Complete step by step reaction
We are given the reaction, $ F{e_3}{O_4} + MnO_4^ - \to F{e_2}{O_3} + Mn{O_2} $
First we balance all the atoms other than hydrogen and oxygen in the reaction. We get,
 $ 2F{e_3}{O_4} + MnO_4^ - \to 3F{e_2}{O_3} + Mn{O_2} $
Next, we write both the half reactions. The reduction half reaction in which $ MnO_4^ - $ reduces to $ Mn{O_2} $ with a decrease in the oxidation state of manganese from $ + 7 $ to $ + 4 $ is given as:
 $ MnO_4^ - \to Mn{O_2} $ : Manganese loses three electrons
The Oxidation half reaction in which $ F{e_3}{O_4} $ is oxidized to $ F{e_2}{O_3} $ . The oxidation of iron changes from $ + 2.67 $ to $ + 3 $ . So the change in the oxidation state of iron is $ 0.33 $ . So we can say that 1 mole of $ F{e_3}{O_4} $ loses 0.33 electrons. So 6 moles of the iron will lose a total of two electrons. Thus, the oxidation reaction can be written as:
 $ 2F{e_3}{O_4} \to 3F{e_2}{O_3} $ : Iron loses two electrons
Cross multiplying the half cells with their electrons transferred and then adding them, we get,
 $ 6F{e_3}{O_4} + 2MnO_4^ - \to 9F{e_2}{O_3} + 2Mn{O_2} $
Now, the number of electrons transferred in the reaction is balanced for both the half- cell reactions. But the charge is not yet balanced.

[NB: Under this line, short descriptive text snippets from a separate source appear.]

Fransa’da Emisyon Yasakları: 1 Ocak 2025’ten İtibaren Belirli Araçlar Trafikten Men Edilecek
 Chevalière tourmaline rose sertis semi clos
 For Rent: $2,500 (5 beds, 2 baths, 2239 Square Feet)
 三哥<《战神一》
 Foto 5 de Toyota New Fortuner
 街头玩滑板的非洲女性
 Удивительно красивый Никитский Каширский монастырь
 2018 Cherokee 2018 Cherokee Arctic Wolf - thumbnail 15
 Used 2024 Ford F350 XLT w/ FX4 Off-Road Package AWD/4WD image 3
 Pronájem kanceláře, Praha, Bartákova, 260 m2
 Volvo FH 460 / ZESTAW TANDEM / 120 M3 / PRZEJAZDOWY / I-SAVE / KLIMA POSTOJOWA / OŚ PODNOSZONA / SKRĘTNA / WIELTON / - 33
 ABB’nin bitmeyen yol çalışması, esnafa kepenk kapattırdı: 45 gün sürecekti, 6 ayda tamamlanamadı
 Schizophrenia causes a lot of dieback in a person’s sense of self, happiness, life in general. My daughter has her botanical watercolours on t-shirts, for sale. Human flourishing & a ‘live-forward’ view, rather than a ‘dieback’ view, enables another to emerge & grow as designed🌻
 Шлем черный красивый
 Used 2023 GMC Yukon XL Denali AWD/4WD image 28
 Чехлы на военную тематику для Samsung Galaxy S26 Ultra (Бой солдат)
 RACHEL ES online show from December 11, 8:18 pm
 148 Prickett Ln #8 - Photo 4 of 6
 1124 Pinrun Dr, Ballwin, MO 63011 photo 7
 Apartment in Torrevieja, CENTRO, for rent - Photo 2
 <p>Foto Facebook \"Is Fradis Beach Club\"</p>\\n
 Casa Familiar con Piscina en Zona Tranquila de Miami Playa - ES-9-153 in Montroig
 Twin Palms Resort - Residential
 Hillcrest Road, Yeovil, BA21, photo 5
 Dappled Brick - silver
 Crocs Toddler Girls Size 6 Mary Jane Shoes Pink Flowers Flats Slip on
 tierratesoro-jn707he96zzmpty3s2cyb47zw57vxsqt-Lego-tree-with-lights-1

In basic medium, to balance the charges and number of oxygen atoms and hydrogen atoms, we add hydroxyl ions and water molecules accordingly. The left hand side of the reaction carries two negative charges. So we add 2 hydroxide ions on the right side and water molecules on the left side to balance the oxygen and hydrogen atoms.
 $ 6F{e_3}{O_4} + 2MnO_4^ - + {H_2}O \to 9F{e_2}{O_3} + 2Mn{O_2} + 2O{H^ - } $
Thus, the correct answer is A.

Note
After balancing the equation, we must always recheck the equation. For this, we verify that the equation has the same type and equal number of atoms on both sides of the equation. For acidic medium, we use hydrogen ions to equalize the charge of the ions.